** Opening Given records block **

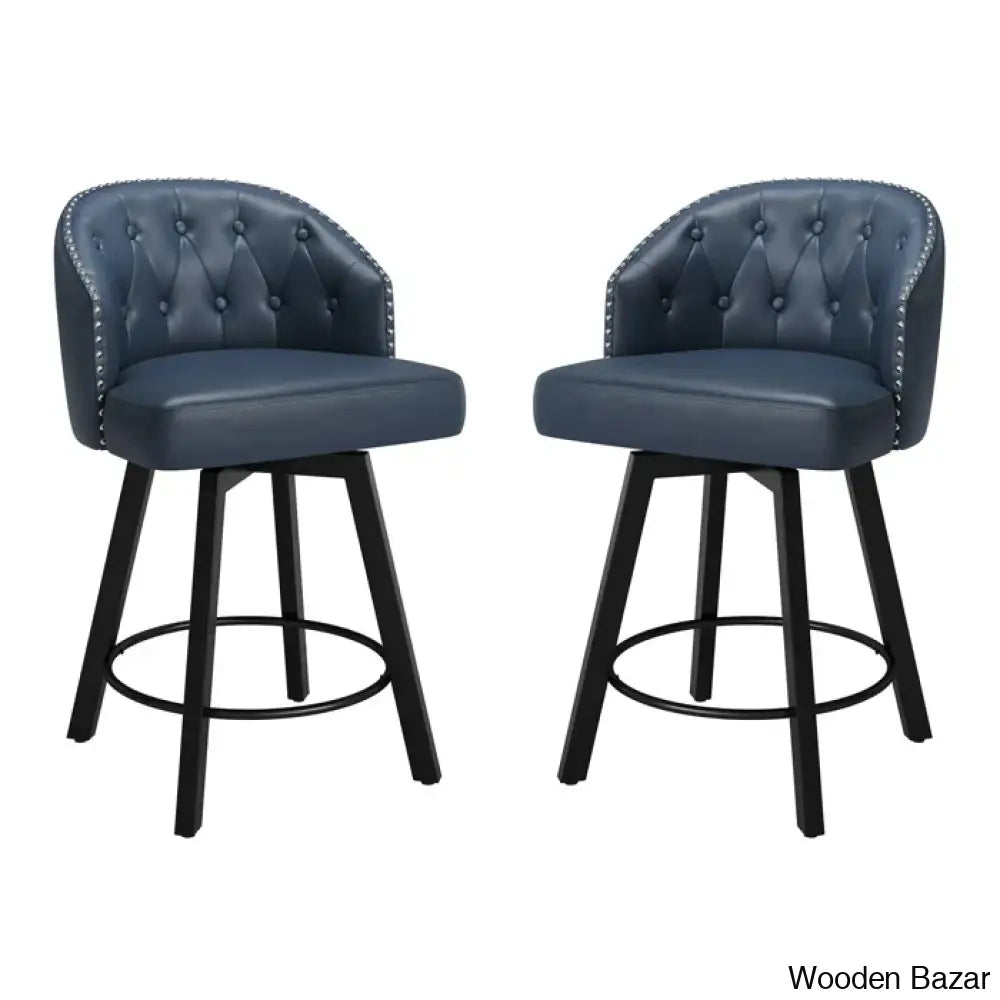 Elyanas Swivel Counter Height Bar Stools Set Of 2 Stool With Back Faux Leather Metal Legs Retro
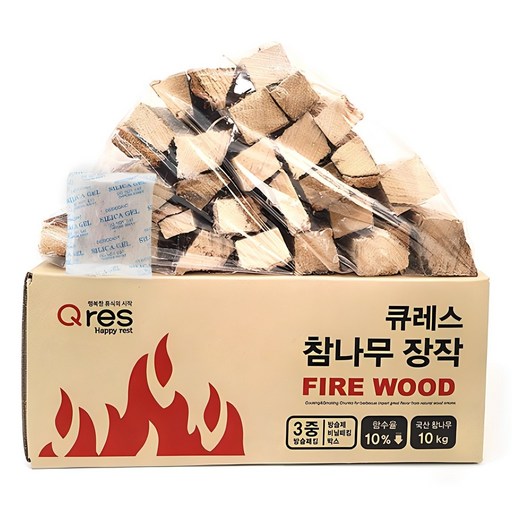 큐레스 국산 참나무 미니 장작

** Closing Given records block **
** Opening Given records block **

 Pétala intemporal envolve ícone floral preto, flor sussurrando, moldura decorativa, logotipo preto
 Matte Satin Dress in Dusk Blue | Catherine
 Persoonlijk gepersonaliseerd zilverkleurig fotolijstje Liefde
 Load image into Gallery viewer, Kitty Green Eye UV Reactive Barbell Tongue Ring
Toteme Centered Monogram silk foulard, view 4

** Closing Given records block **

About this task: Reproduce the lines above, beginning at the line with "Pétala intemporal envolve" and stopping after the line with "Toteme Centered Monogram silk foulard, view 4", exactly as they are.

Reply to the task:
 Pétala intemporal envolve ícone floral preto, flor sussurrando, moldura decorativa, logotipo preto
 Matte Satin Dress in Dusk Blue | Catherine
 Persoonlijk gepersonaliseerd zilverkleurig fotolijstje Liefde
 Load image into Gallery viewer, Kitty Green Eye UV Reactive Barbell Tongue Ring
Toteme Centered Monogram silk foulard, view 4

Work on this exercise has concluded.